▶ _Task description_
Output the whole listing below exactly, omitting the images.

▶ _Collected data_
::::

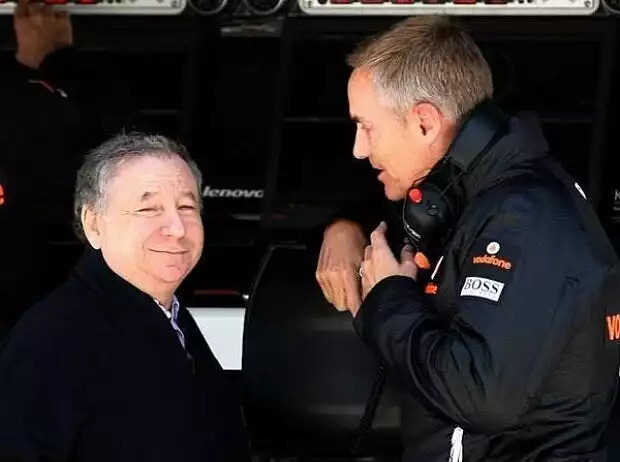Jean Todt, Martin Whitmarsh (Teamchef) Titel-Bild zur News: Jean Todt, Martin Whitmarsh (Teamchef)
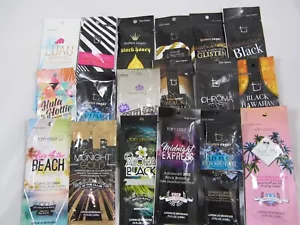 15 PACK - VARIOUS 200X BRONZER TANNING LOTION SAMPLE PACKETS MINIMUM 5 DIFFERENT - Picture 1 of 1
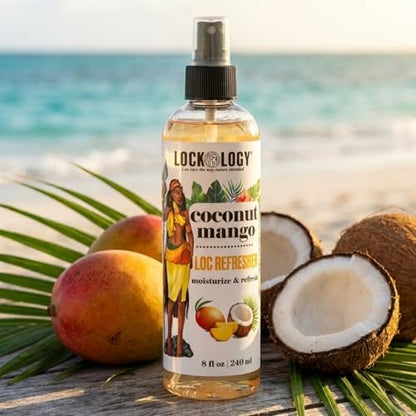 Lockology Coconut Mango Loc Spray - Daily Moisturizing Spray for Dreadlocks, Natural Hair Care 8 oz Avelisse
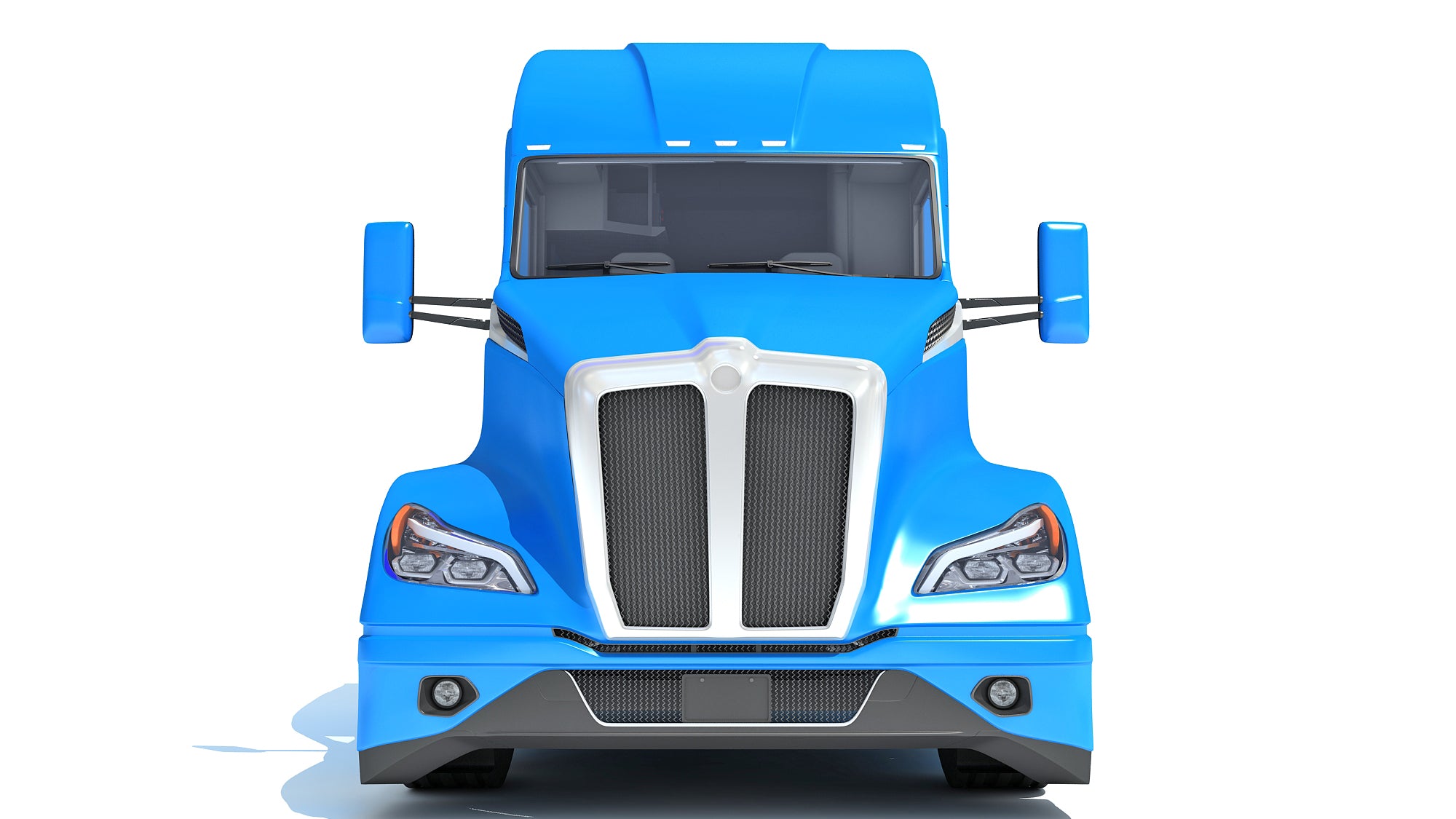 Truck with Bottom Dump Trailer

::::

▶ _Task output_
Jean Todt, Martin Whitmarsh (Teamchef) Titel-Bild zur News: Jean Todt, Martin Whitmarsh (Teamchef)
 15 PACK - VARIOUS 200X BRONZER TANNING LOTION SAMPLE PACKETS MINIMUM 5 DIFFERENT - Picture 1 of 1
 Lockology Coconut Mango Loc Spray - Daily Moisturizing Spray for Dreadlocks, Natural Hair Care 8 oz Avelisse
 Truck with Bottom Dump Trailer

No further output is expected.